Re: Smart Table creation for 2D range query

Posted by Jon Haddad <jo...@gmail.com>.

The problem with using geohashes is that you can’t efficiently do ranges with random token distribution.  So even if your scalar values are close to each other numerically they’ll likely end up on different nodes, and you end up doing a scatter gather.

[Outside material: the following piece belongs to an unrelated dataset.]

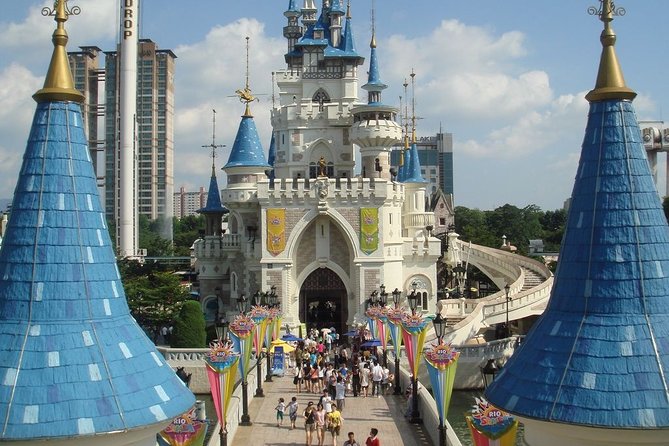 Lotte World Package Deal - The 9:00 am flow, pickup setup, and how to make it feel longer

If the goal is to provide a scalable solution, building a table that functions as an R-Tree or Quad Tree is the only way I know that can solve the problem without scanning the entire cluster.

Jon

> On May 9, 2017, at 10:11 AM, Jim Ancona <ji...@anconafamily.com> wrote:
> 
> There are clever ways to encode coordinates into a single scalar value where points that are close on a surface are also close in value, making queries efficient. Examples are Geohash <https://en.wikipedia.org/wiki/Geohash> and Google's S2 <https://docs.google.com/presentation/d/1Hl4KapfAENAOf4gv-pSngKwvS_jwNVHRPZTTDzXXn6Q/view#slide=id.i0>. As Jon mentions, this puts more work on the client, but might give you a lot of querying flexibility when using Cassandra.
> 
> Jim
> 
> On Mon, May 8, 2017 at 11:13 PM, Jon Haddad <jonathan.haddad@gmail.com <ma...@gmail.com>> wrote:
> It gets a little tricky when you try to add in the coordinates to the clustering key if you want to do operations that are more complex.  For instance, finding all the elements within a radius of point (x,y) isn’t particularly fun with Cassandra.  I recommend moving that logic into the application.
> 
> > On May 8, 2017, at 10:06 PM, kurt greaves <kurt@instaclustr.com <ma...@instaclustr.com>> wrote:
> >
> > Note that will not give you the desired range queries of 0 >= x <= 1 and 0 >= y <= 1.
> >
> >
> > Something akin to Jon's solution could give you those range queries if you made the x and y components part of the clustering key.
> >
> > For example, a space of (1,1) could contain all x,y coordinates where x and y are > 0 and <= 1. You would then have a table like:
> >
> > CREATE TABLE geospatial (
> > space text,
> > x double,
> > y double,
> > item text,
> > m1,
> > m2,
> > m3,
> > primary key ((space), x, y, m1, m2, m3, m4, m5)
> > );
> >
> > A query of select * where space = '1,1' and x <1 and x >0.5 and y< 0.2 and y>0.1; should yield all x and y pairs and their distinct metadata. Or something like that anyway.
> >
> 
> 
> ---------------------------------------------------------------------
> To unsubscribe, e-mail: user-unsubscribe@cassandra.apache.org <ma...@cassandra.apache.org>
> For additional commands, e-mail: user-help@cassandra.apache.org <ma...@cassandra.apache.org>
> 
>

Re: Smart Table creation for 2D range query

Posted by Jim Ancona <ji...@anconafamily.com>.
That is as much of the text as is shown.